Source records:
-- -- --

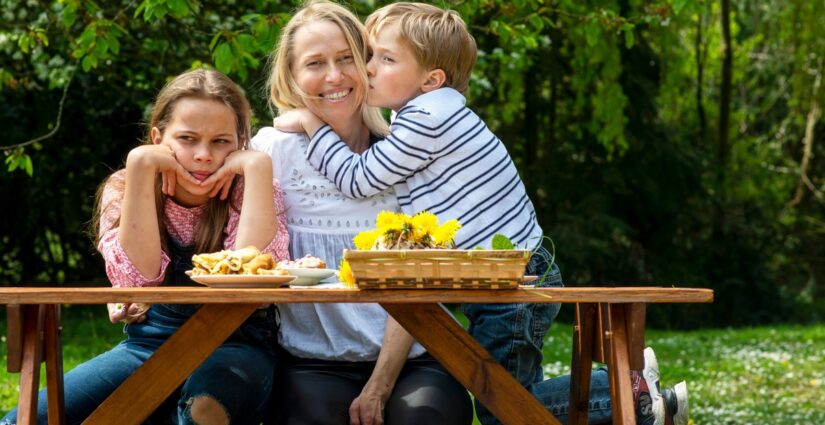 Favoritismo entre hermanos: cómo afecta, de qué manera evitarlo y qué hacer para fomentar la igualdad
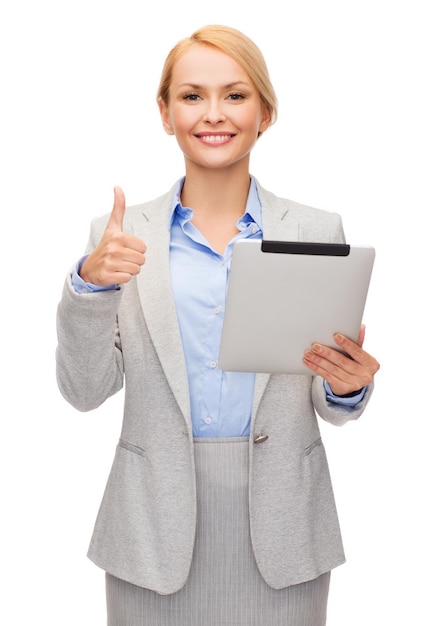 Geschäfts-, Internet- und Technologiekonzept - lächelnde Frau mit Tablet-PC-Computer, die Daumen nach oben zeigt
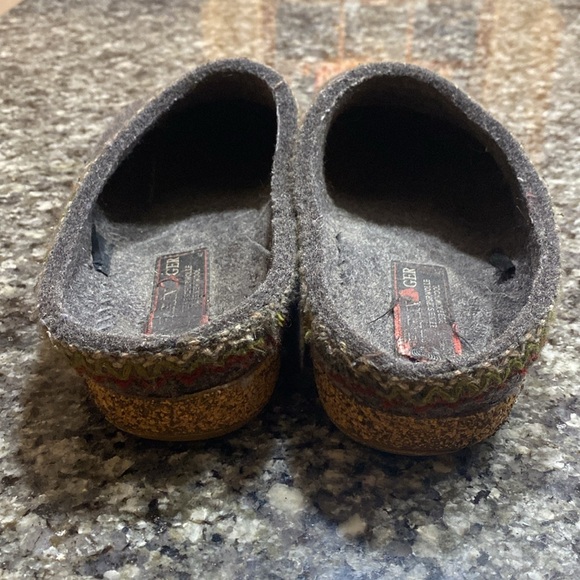 HAFLINGER Womens Grizzly Zig Zag clog wool - Picture 3 of 4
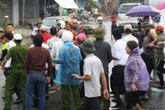 Dân đội mưa kéo ra quốc lộ đề nghị mở đường qua đồng Dân đội mưa kéo ra quốc lộ đề nghị mở đường qua đồng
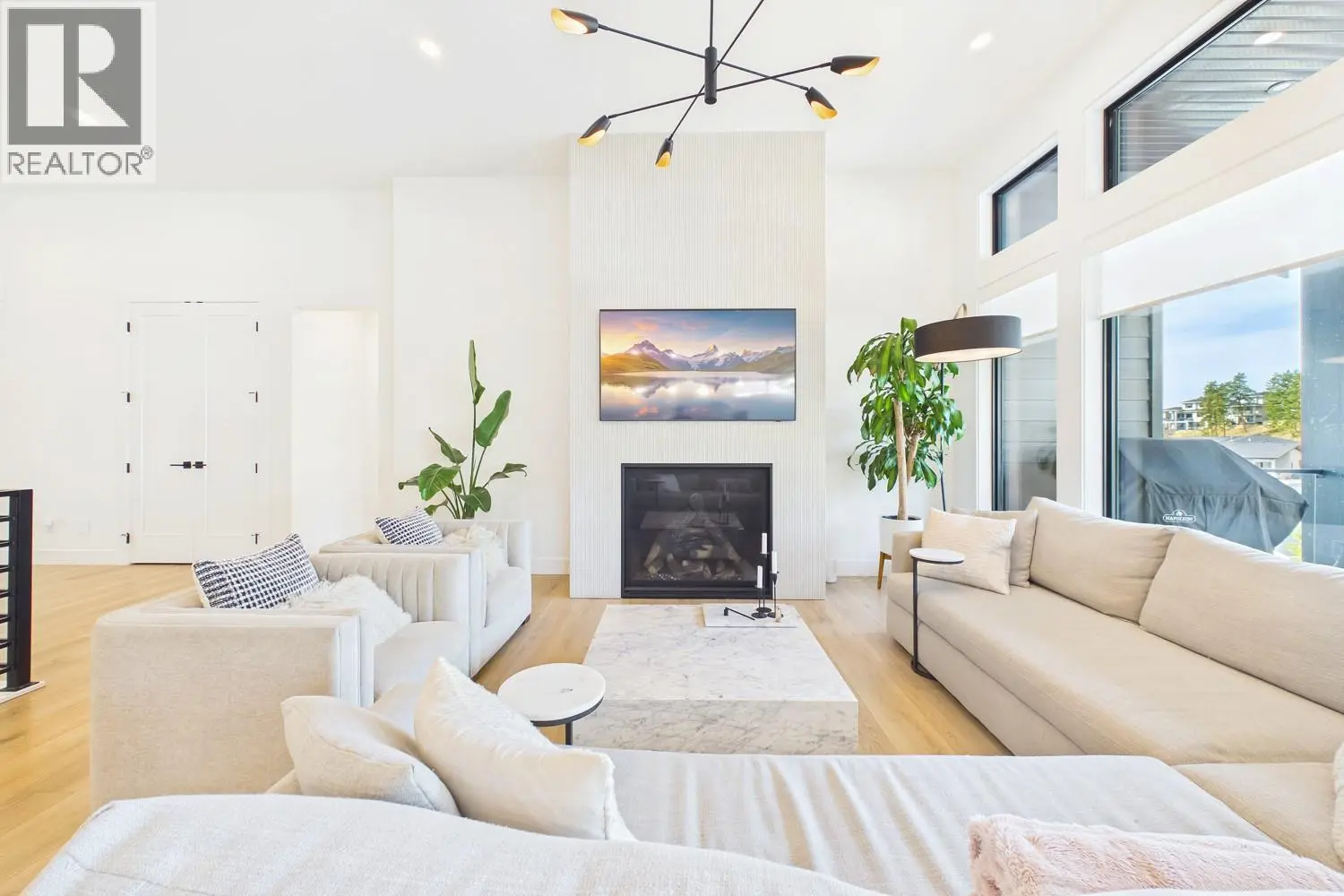 265 Summer Wood Drive. Kelowna, British Columbia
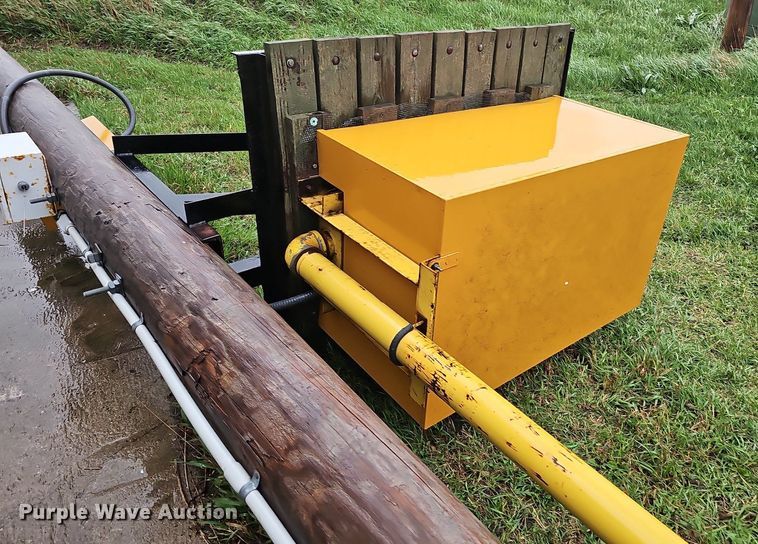 image for item ZA0403 Federal Signal Corporation RCM1A warning siren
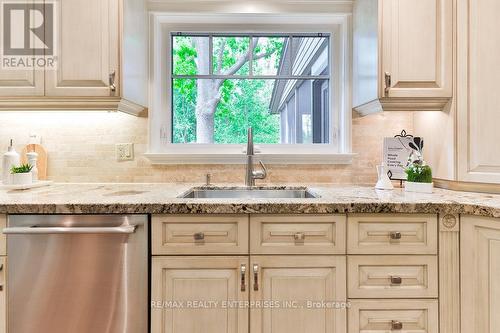 1293 Greenoaks Drive, Mississauga, ON - Indoor Photo Showing Kitchen With Upgraded Kitchen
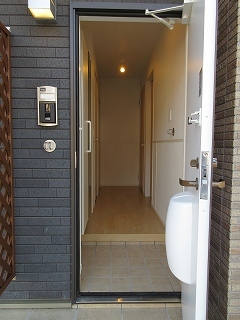 ルミナスコウチＢ 玄関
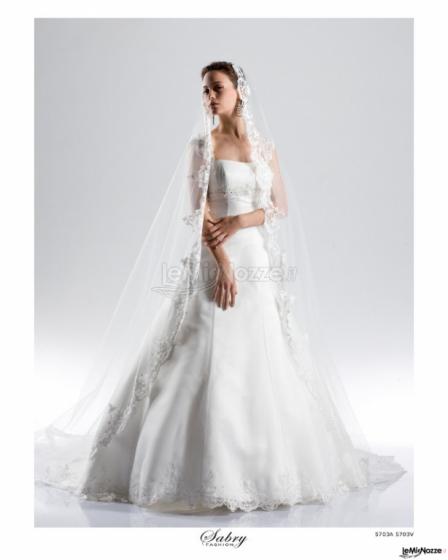 Abito con mantilla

-- -- --

● What you are asked to do
Restate it all word for word: every record, no pictures.

● Answer to this exercise
 Favoritismo entre hermanos: cómo afecta, de qué manera evitarlo y qué hacer para fomentar la igualdad
 Geschäfts-, Internet- und Technologiekonzept - lächelnde Frau mit Tablet-PC-Computer, die Daumen nach oben zeigt
 HAFLINGER Womens Grizzly Zig Zag clog wool - Picture 3 of 4
 Dân đội mưa kéo ra quốc lộ đề nghị mở đường qua đồng Dân đội mưa kéo ra quốc lộ đề nghị mở đường qua đồng
 265 Summer Wood Drive. Kelowna, British Columbia
 image for item ZA0403 Federal Signal Corporation RCM1A warning siren
 1293 Greenoaks Drive, Mississauga, ON - Indoor Photo Showing Kitchen With Upgraded Kitchen
 ルミナスコウチＢ 玄関
 Abito con mantilla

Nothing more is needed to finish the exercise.